Einstein's Theory of Relativity Proven to Work Even in Three-star Systems

The experiment proved that the legendary scientist was correct about gravity even in the most extreme scales.

A study published in Nature this week saw Einstein's theory of general relativity proven correct even in a massive three-star system. The experiment showed that the scientist was right about gravity even at the most extreme scales.

"This research shows how routine and careful observation of distant stars can give us a high-precision test of one of the fundamental theories of physics,” said in a statement Ingrid Stairs, professor in the department of physics and astronomy at UBC and a co-author of the study.

The theory still applies

Einstein's theory of relativity indicates that all objects fall the same way regardless of mass or composition. However, some scientists have speculated that in certain conditions, such as cases of extreme gravity, the theory may no longer apply.

Science

Scientists Just Used Einstein's 100-Year-Old Theory to Weigh a Dwarf Star

The researchers observed gravitational behavior in a three-star system known as PSR J0337+1715. The massive system located 4,200 light years away consists of two white dwarfs and a neutron star, an ideal example of an extreme scale.

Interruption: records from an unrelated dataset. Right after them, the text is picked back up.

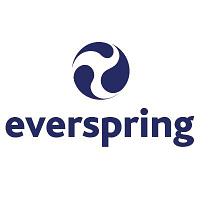 Everspring logo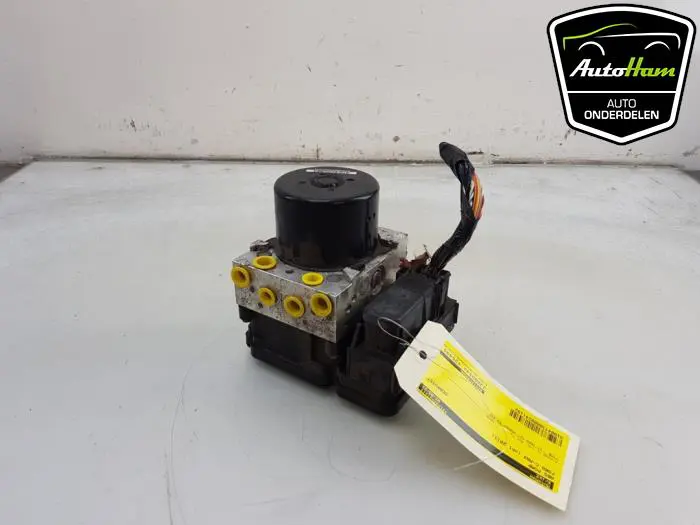ABS Pomp Ford C-Max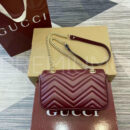 Gucci сумка PR635991 19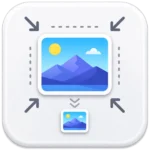 image_minifier
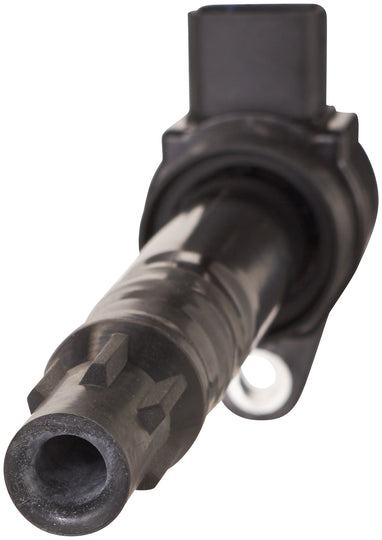C-702 Spectra Premium Ignition Coil Spectra Premium Canada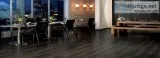 Best Wooden Flooring Importer in Noida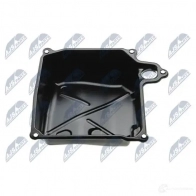 Поддон АКПП NTY BMO-VW-018 4 ICT356 1439037441 - Изображение 3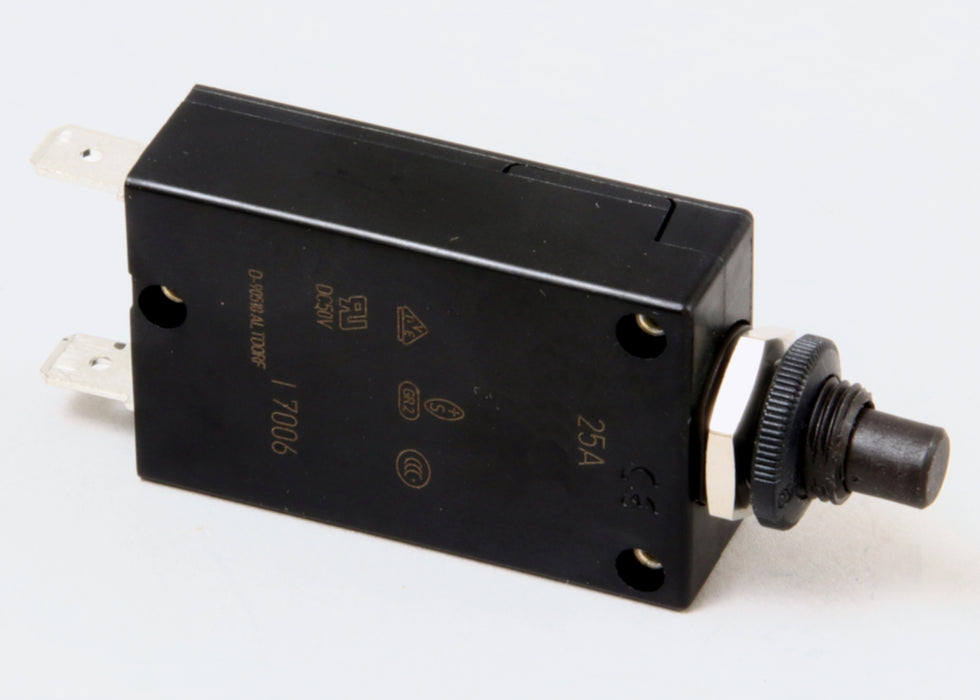 Aftermarket Nilfisk Advance 56469788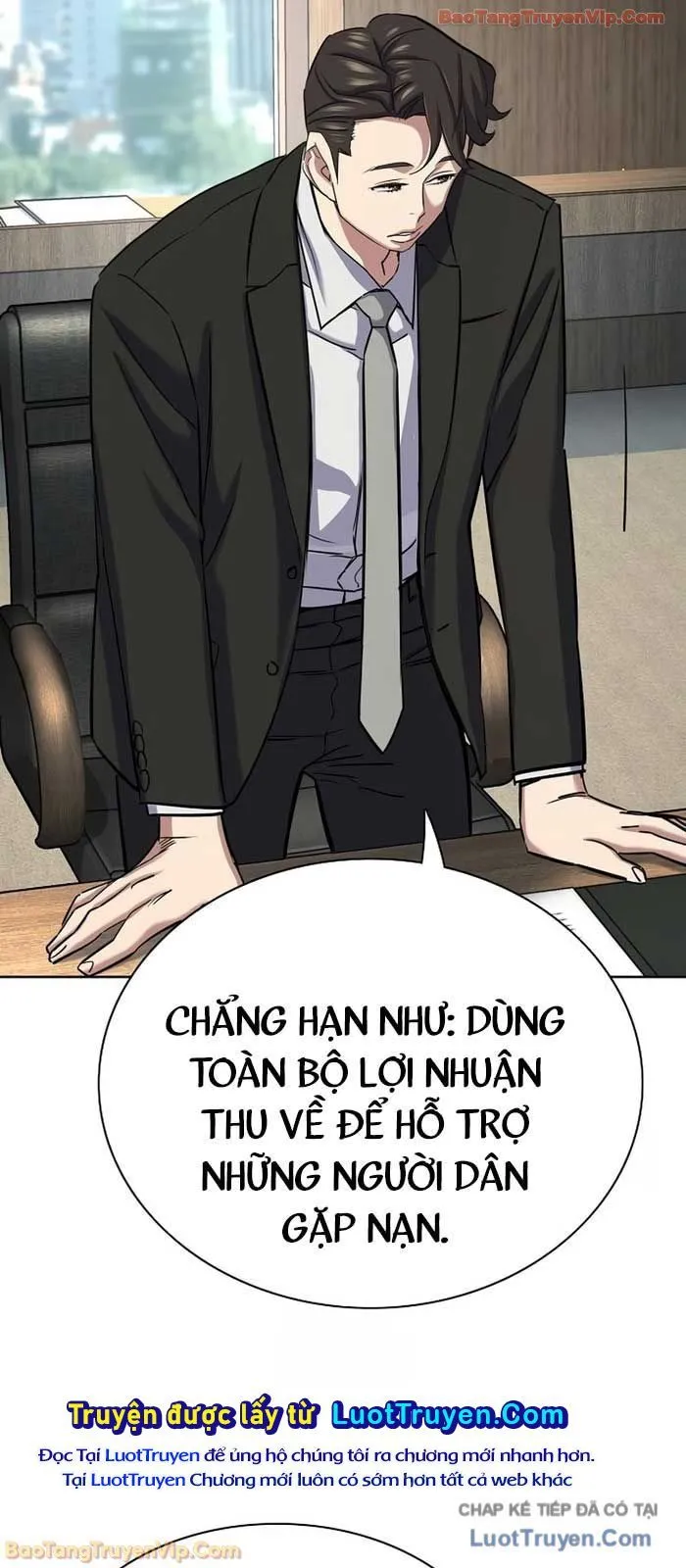 Trang 85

The neutron star system was discovered back in 2014 and had led to a study in Nature which speculated that the system could be used to test Einstein’s theory. "The gravitational field of the outer white dwarf strongly accelerates the inner binary containing the neutron star, and the system will thus provide an ideal laboratory in which to test the strong equivalence principle of general relativity," read the study.

Six years of study

The astronomers proceeded to study the massive system in detail for six years using several telescopes. “We can account for every single pulse of the neutron star since we began our observations. And we can tell its location to within a few hundred meters,” said Anne Archibald, lead author of the paper and a postdoctoral researcher of the University of Amsterdam and ASTRON, the Netherlands Institute for Radio Astronomy. 

The team tracked the inner pair of stars through the course of several orbits of the outer white dwarf. This enabled the scientists to determine how the pulsar and inner white dwarf were affected by the gravity of the outer white dwarf.

In the end, the researchers reported finding no detectable difference indicating no alternative theories of gravity were in motion. “If there is a difference, it is no more than three parts in a million,” said Nina Gusinskaia, a Ph.D. student at the University of Amsterdam and a co-author of the study. 

“Every single time we’ve tested Einstein’s theory of relativity so far, the results have been consistent,” said Stairs. “But we keep looking for departures from relativity because that might help us understand how to describe gravity and quantum mechanics with the same mathematical language.”

The study, however, is bound to be a deterrent to anyone with alternative theories of gravity. The extreme nature of the observed system has resulted in an even narrower range of theory possibilities than ever before.